"No," she said, waiting until he was gone before she spoke again.—"We shall go to Cousin Will's now, father. I wish to say good-night to him."
"Very well, my dear. I'll leave you to read to him while I run round to see if any letters have come. I feel confident somebody will answer my advertisement about the scissors."
CHAPTER V.
A luxurious apartment, of which the most salient features were excess of heat and color. A glowing fire burned in the grate. Persian rugs, richly-tinted curtains, tiger and leopard skins, light and gilding on every side, threw into more miserable contrast Laidley's pinched, pallid face as he stood in the midst. His back was to the fire, his claw-like hands behind him, opening and shutting mechanically as if to grasp the heat, his pale eyes blinking through his eye-glasses on Jane standing before him.
"Do I understand what you say?" in a tone of blank amazement. "That you, a child, come here to a dying man to assert your claim to his property! It is incredible that you came of your own free will. Who sent you?"
"Nobody, Cousin Will. It seemed to me the thing I ought to do.

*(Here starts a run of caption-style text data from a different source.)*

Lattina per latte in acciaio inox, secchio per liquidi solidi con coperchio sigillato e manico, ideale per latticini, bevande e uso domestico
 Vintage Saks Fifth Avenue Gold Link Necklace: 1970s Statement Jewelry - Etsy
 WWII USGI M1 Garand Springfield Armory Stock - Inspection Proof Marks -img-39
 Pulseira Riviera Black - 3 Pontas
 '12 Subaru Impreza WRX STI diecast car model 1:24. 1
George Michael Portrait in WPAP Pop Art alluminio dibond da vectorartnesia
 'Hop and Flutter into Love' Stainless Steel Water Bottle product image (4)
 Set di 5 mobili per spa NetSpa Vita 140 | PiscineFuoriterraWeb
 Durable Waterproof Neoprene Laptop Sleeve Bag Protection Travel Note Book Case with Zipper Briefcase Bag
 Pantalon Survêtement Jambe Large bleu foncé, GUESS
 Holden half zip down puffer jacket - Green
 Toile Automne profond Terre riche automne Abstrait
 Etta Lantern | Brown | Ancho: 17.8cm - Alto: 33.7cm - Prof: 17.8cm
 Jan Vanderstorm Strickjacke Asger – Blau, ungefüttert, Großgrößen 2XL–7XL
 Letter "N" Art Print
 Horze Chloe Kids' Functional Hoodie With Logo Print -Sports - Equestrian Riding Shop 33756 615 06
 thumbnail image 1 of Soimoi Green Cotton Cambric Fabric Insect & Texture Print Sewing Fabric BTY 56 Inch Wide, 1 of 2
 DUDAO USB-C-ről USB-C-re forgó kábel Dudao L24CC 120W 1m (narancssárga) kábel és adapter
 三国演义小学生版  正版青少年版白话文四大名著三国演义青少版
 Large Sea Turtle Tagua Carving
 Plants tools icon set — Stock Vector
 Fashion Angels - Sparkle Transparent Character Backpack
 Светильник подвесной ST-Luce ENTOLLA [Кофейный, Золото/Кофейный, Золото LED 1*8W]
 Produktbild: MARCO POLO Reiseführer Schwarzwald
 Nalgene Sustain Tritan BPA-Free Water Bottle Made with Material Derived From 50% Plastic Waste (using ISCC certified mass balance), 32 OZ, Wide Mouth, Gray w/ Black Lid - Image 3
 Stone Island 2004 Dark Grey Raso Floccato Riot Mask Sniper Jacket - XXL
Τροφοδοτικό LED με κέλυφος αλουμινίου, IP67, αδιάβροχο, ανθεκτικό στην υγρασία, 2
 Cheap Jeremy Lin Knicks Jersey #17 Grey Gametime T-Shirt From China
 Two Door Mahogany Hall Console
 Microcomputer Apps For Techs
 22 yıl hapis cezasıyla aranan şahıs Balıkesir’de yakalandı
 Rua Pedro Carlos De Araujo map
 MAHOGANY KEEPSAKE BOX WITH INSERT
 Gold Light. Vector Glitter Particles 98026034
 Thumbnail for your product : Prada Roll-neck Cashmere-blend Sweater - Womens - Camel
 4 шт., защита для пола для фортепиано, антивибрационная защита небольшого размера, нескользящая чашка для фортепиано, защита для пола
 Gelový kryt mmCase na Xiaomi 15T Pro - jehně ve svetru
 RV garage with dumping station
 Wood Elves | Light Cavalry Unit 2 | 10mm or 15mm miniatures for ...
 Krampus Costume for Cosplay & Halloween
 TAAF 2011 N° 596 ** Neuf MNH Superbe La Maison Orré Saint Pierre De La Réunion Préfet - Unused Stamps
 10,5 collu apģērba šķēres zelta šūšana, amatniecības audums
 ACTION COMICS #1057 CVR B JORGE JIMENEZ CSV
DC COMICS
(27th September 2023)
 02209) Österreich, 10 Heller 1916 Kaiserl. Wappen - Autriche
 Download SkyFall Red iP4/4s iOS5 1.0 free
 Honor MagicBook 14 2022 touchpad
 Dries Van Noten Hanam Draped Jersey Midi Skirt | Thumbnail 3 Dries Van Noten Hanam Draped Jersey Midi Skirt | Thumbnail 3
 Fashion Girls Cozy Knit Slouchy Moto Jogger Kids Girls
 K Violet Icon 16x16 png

I do wish you would sit down," anxiously. "You are not able to stand."
He sank into a chair: "Bring me some wine."
She brought the wine, tucked the leopard skins about him, wiped his forehead tenderly, placed a cushion beneath his feet. He shivered, closed his eyes for a moment, then fixed them on her: "Now go on."
She did go on without the slightest hesitation, without even a flush of color, quick as her blood was to come and go when she was moved. The thing she had to do evidently seemed to her exceedingly simple and easy: "I knew you did not see the matter just as it is, or there would be no difficulty about it. No one else seemed willing to speak to you, and so I came myself."
He put out his hand toward the wine: she set it within his reach, and resumed her place, one arm resting on the mantel-shelf, looking down at him. There was only that sorrowful pity in her face with which any large-hearted, healthy woman would look at a diseased, dying man.